JUPITER ISLAND, FL—Ending months of speculation and rumors, golf star Tiger Woods and Olympic skier Lindsey Vonn announced on their personal Facebook pages Monday that they are an ordinary couple into incredibly perverse, bizarre, and degrading sexual acts.
“We’re reserved, consenting adults just like your loved ones, enjoying quiet evenings on the couch, fisting drunk skanks we picked up at a bar,” said Woods, adding that their relationship had evolved quite normally from being close friends to sharing every bodily fluid. “Lindsey and I do a lot of typical stuff like watching sunsets, cooking dinner together, or she’ll strap on a dildo and ream my ass like crazy.”
“Anyway, we appreciate that you respect our privacy,” continued Woods.
Woods expressed hope that the announcement would limit public scrutiny and prevent intrusion into their mundane personal affairs, such as soliciting prostitutes for gangbangs.
“At the end of the day, Lindsey and I just want to be left alone with four or five hookers, my buddy Kurt, a couple frat boys, and our favorite cameraman,” said the 14-time major winner. “We don’t want the press always interfering in our sordid sex lives.”
“I hate getting hounded by paparazzi every time my girlfriend and I are out and about trying to innocently invite a few lactating pregnant women to our weekly orgy,” added Woods.
Vonn reportedly posted a similar statement on the social networking site, confirming that the couple often spends run-of-the-mill afternoons at the mall, shopping or sneaking into the men’s restroom and fucking against a urinal.
Admitting that their relationship was very conventional, Vonn also revealed that Woods was charming, sensitive, and a regular guy who constantly surprises her with thoughtful gifts such as brand-new stainless-steel anal beads and high-end nipple clamps.

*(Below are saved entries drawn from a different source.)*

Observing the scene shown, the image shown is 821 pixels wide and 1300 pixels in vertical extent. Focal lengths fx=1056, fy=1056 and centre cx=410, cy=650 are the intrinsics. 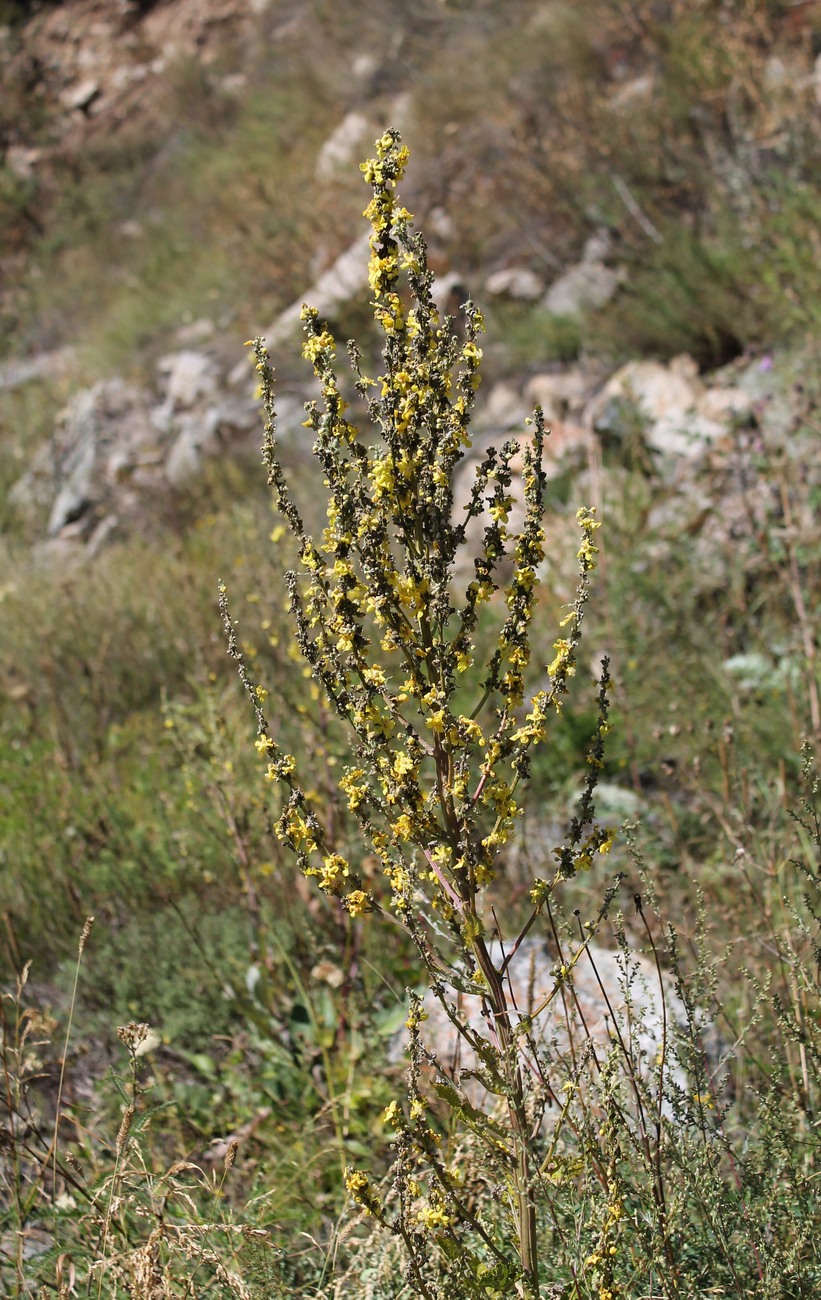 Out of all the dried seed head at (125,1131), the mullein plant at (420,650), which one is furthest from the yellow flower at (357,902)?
the dried seed head at (125,1131)

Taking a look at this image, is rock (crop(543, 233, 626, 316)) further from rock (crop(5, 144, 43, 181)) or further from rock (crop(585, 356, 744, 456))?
rock (crop(5, 144, 43, 181))

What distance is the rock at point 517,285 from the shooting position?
23.7ft

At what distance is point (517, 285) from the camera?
7320 mm

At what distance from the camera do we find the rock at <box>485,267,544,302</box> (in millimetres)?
7227

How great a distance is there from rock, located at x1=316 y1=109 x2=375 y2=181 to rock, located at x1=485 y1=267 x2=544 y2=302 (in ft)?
8.63

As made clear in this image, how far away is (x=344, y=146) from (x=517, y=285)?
3.61 metres

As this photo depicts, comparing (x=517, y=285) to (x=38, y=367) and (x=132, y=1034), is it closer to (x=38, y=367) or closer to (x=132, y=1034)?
(x=132, y=1034)

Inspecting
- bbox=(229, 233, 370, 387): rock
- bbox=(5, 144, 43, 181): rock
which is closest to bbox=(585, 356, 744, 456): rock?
bbox=(229, 233, 370, 387): rock

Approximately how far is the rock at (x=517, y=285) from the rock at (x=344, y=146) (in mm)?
2631

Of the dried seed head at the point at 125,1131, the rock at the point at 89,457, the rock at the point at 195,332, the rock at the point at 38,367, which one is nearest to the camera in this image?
the dried seed head at the point at 125,1131

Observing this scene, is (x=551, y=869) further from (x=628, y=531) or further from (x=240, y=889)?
(x=628, y=531)

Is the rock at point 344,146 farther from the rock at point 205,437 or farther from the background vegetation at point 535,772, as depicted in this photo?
the rock at point 205,437

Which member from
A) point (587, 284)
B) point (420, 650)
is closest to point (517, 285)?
point (587, 284)

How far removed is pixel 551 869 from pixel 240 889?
105 centimetres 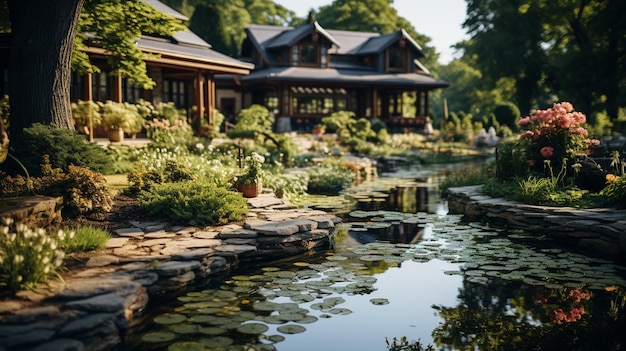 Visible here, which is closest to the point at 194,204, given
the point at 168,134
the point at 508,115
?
the point at 168,134

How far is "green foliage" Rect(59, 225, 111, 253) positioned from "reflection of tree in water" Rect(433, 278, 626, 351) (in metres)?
4.16

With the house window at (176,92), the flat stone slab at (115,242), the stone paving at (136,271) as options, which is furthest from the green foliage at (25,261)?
the house window at (176,92)

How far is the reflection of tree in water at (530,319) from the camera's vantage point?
201 inches

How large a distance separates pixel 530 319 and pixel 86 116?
1243 cm

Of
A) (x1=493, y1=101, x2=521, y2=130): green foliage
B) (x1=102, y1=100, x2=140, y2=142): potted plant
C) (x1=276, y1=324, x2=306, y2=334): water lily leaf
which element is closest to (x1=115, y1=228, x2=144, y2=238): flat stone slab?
(x1=276, y1=324, x2=306, y2=334): water lily leaf

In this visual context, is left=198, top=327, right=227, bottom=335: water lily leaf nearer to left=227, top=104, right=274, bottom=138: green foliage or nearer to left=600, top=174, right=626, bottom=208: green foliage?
left=600, top=174, right=626, bottom=208: green foliage

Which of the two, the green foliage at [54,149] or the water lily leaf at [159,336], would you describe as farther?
the green foliage at [54,149]

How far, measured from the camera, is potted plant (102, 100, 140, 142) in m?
15.4

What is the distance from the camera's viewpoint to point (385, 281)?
7.09 meters

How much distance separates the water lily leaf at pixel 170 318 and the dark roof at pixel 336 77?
945 inches

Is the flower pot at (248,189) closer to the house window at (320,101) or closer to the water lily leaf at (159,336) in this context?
the water lily leaf at (159,336)

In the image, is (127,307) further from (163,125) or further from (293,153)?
(293,153)

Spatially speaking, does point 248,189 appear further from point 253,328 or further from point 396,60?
point 396,60

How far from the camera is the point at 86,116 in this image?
48.2 ft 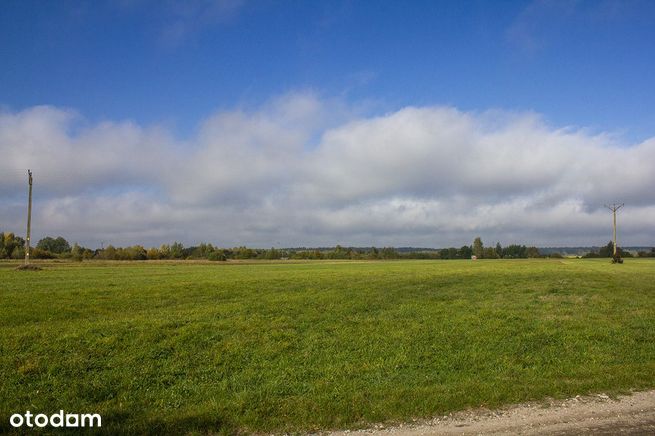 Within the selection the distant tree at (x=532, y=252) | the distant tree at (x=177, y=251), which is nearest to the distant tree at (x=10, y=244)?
the distant tree at (x=177, y=251)

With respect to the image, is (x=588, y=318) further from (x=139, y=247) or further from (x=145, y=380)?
(x=139, y=247)

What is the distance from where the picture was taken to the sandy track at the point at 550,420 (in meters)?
8.47

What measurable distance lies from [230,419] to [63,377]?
5590 millimetres

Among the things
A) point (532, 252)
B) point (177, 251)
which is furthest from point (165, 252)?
point (532, 252)

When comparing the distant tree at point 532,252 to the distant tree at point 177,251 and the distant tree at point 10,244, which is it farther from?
the distant tree at point 10,244

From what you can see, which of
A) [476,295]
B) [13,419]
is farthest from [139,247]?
[13,419]

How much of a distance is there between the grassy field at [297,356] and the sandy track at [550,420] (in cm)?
51

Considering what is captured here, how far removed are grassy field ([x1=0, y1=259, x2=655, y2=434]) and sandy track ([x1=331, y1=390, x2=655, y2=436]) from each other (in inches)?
19.9

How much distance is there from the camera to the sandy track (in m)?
8.47

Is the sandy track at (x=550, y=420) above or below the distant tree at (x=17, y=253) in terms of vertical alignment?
below

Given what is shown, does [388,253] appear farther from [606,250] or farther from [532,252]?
[606,250]

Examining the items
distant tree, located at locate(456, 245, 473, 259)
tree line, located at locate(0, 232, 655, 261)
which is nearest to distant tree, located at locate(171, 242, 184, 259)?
tree line, located at locate(0, 232, 655, 261)

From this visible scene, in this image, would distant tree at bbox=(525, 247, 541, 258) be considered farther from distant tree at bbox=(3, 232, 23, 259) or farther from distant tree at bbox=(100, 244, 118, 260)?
distant tree at bbox=(3, 232, 23, 259)

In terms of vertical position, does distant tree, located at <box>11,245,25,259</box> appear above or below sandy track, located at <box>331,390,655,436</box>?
above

“Tiger is an old-fashioned gentleman and a sweetheart who really knows how to treat a lady,” said Vonn. “Sometimes I look over and he’s just so enthusiastic about eating out a cocktail waitress we just met.”
“But, like most couples, we usually just hang out and cuddle in the sex swing and watch some porn,” added Vonn, describing her ideal evening at home. “And, you know, just fuck and fuck and fuck for hours.”
At press time, sources close to Woods confirmed that the winner of 76 PGA tour events was enamored with Vonn and had mentioned on numerous occasions that every time he looks at her face he just wants to see it covered in cum.